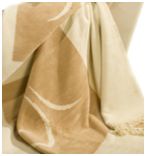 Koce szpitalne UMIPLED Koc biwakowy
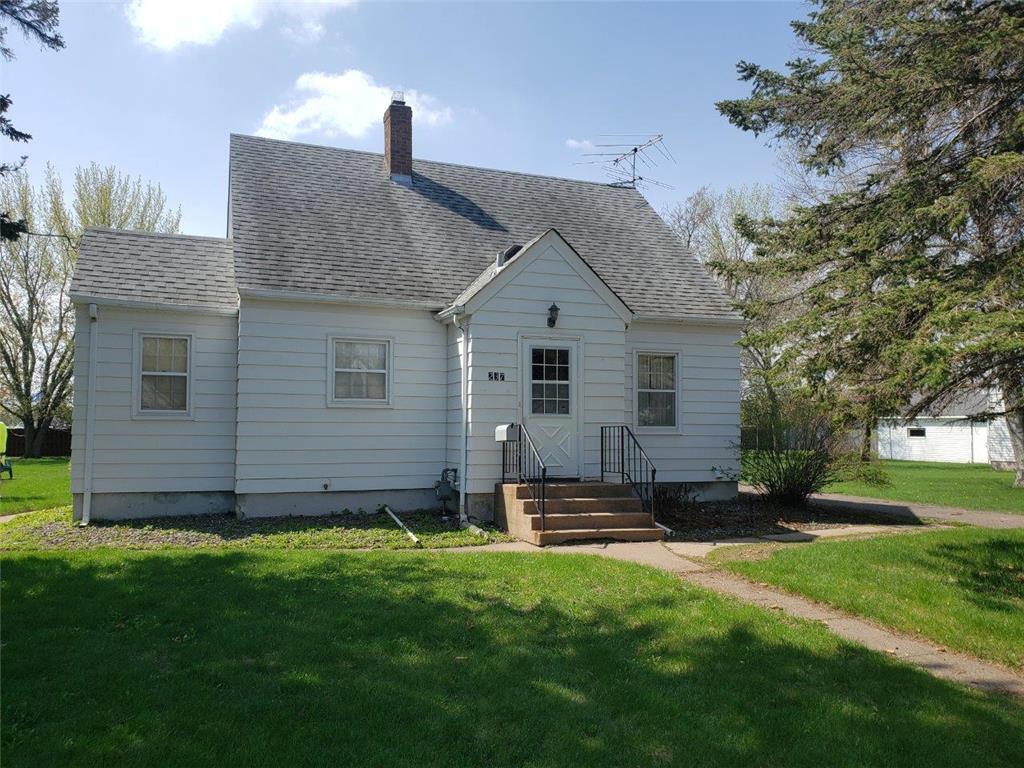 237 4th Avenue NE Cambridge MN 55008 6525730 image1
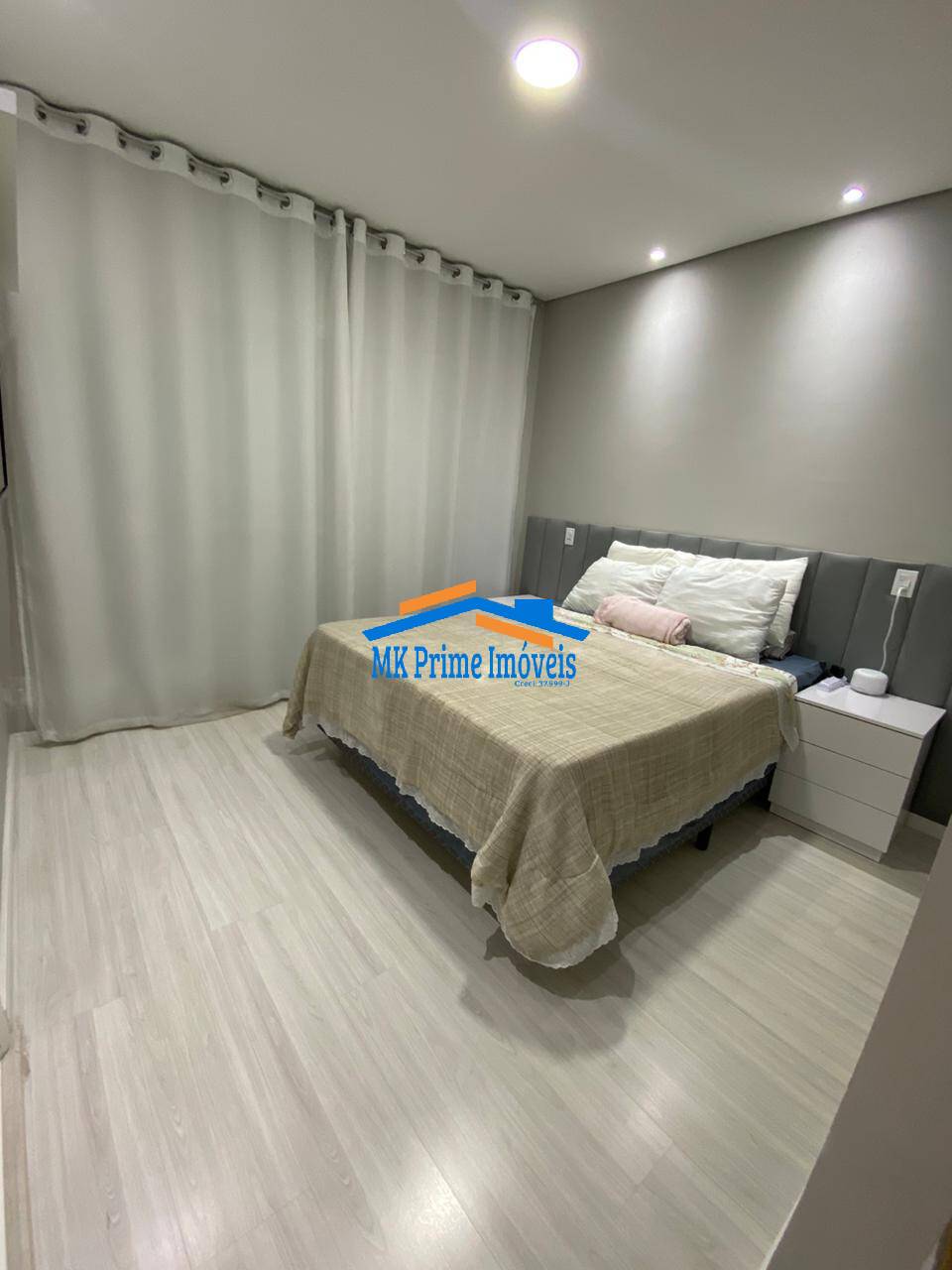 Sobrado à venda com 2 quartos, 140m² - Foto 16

☆ ☆ ☆ ☆ ☆

* _To do_:
With the images excluded, reproduce the data above precisely as written.

* _Solved exercise_:
 Koce szpitalne UMIPLED Koc biwakowy
 237 4th Avenue NE Cambridge MN 55008 6525730 image1
 Sobrado à venda com 2 quartos, 140m² - Foto 16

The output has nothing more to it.